Com o país crescendo perto de 4%, com as contas externas em ordem e com a inflação sob controle, falar que existe uma "distorção cavalar na economia fica parecendo discurso de quem torce contra", observa Rosenberg. "Mas o fato é que o país está desperdiçando capacidade de crescimento por conta do câmbio fora do lugar", insiste ele. E o vilão do câmbio, argumenta, é o juro alto.
Coutinho insiste na necessidade do governo (deste e do próximo) conter o gasto corrente, que tem crescido em média 0,5% do Produto Interno Bruto (PIB) ao ano nos últimos quatro anos. Ou seja, a farra vem do governo anterior e foi mantida na gestão petista. Na sua avaliação, a principal fonte de desequilíbrio de gasto público é previdenciária. Ele defende tanto novas medidas de reforma do atual regime como uma melhor gestão da Previdência Social. "Há que se discutir tabus como o fato de a mulher poder se aposentar cinco anos antes do homem. Por que esse prazo não pode ser menor?", questiona, deixando claro que isso não é uma proposta.

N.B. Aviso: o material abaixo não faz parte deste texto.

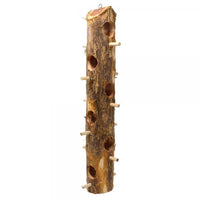 Wooden bird perch with holes on a white background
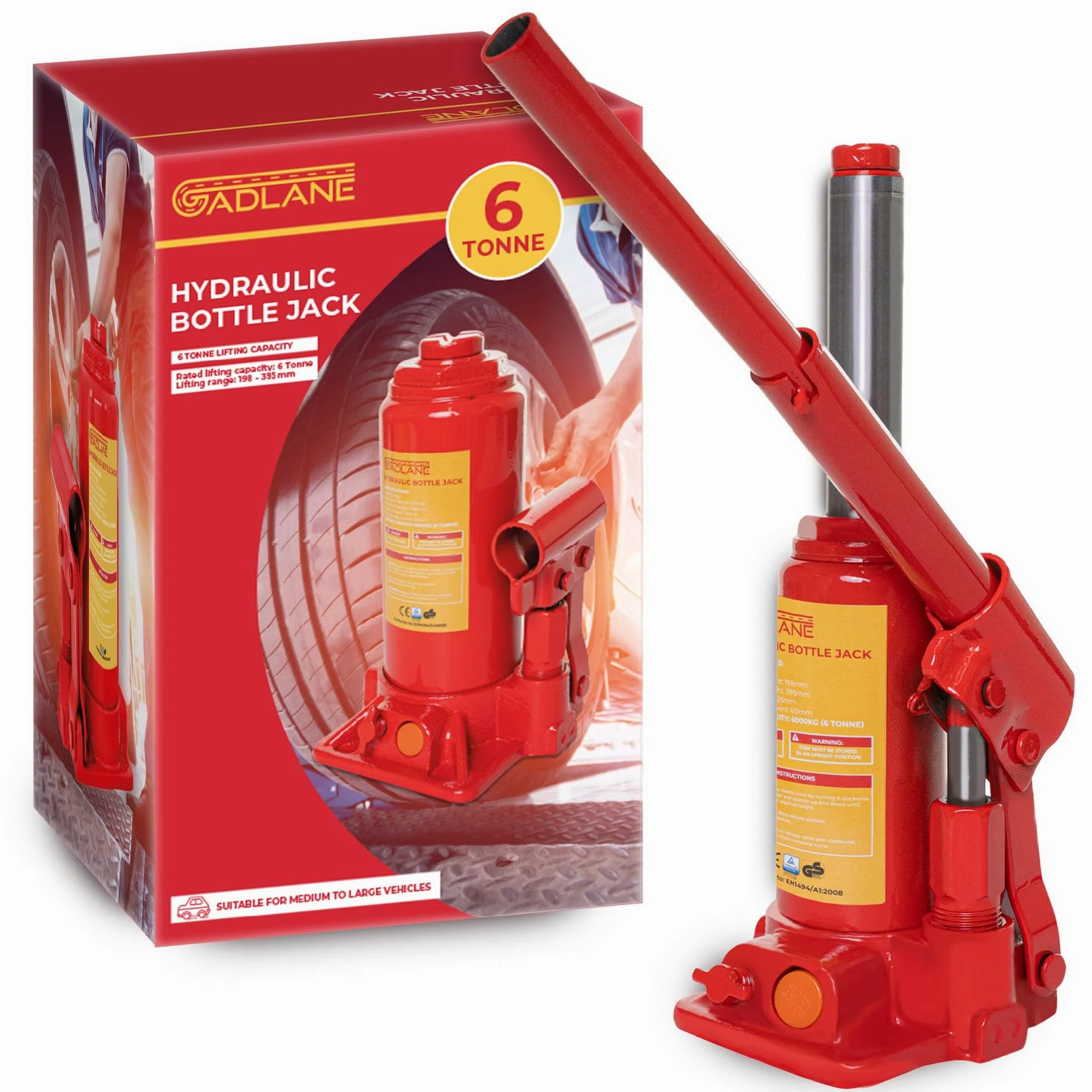 GADLANE Gato hidráulico para Botella de 6 toneladas, Acero aleado Resistente, válvula de sobrecarga de Seguridad, Mango de Ajuste rápido, para Coches Grandes, Furgonetas, autocaravanas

Rosenberg e Coutinho participaram, ontem, de pequeno debate organizado pela Serasa para lançar o livro "Alternativas para o desenvolvimento do Brasil: discussão de uma agenda microeconômica", resultado de um dia de debates sobre o tema em dezembro de 2005. No livro, o economista Cláudio Adilson Gonçalez, diretor-presidente da MCM Consultores Associados, vai mais longe na crítica à Previdência. Ele pondera que a tarefa de reduzir as despesas públicas vai exigir revisão das políticas sociais, o que torna a função "um problema político dramático". "O gasto público cresceu porque cresceram as transferências às pessoas (...) Faz-se justiça social, pois o país é pobre. O diabo é que ela não gera uma contrapartida produtiva", pondera Gonçalez, no trabalho que apresentou à Serasa.
Rosenberg já está convencido de que, este ano, o governo não vai cumprir o superávit primário de 4,25% do PIB prometido. "A torneira de gastos já foi aberta no ano passado e não tem mais como a meta ser cumprida", argumenta, lembrando que em fevereiro o superávit em 12 meses já está em 4,38% do PIB e o orçamento federal nem estava aprovado. "E se cumprir, vai ser da pior maneira possível, que é com corte de investimento", acrescenta Coutinho.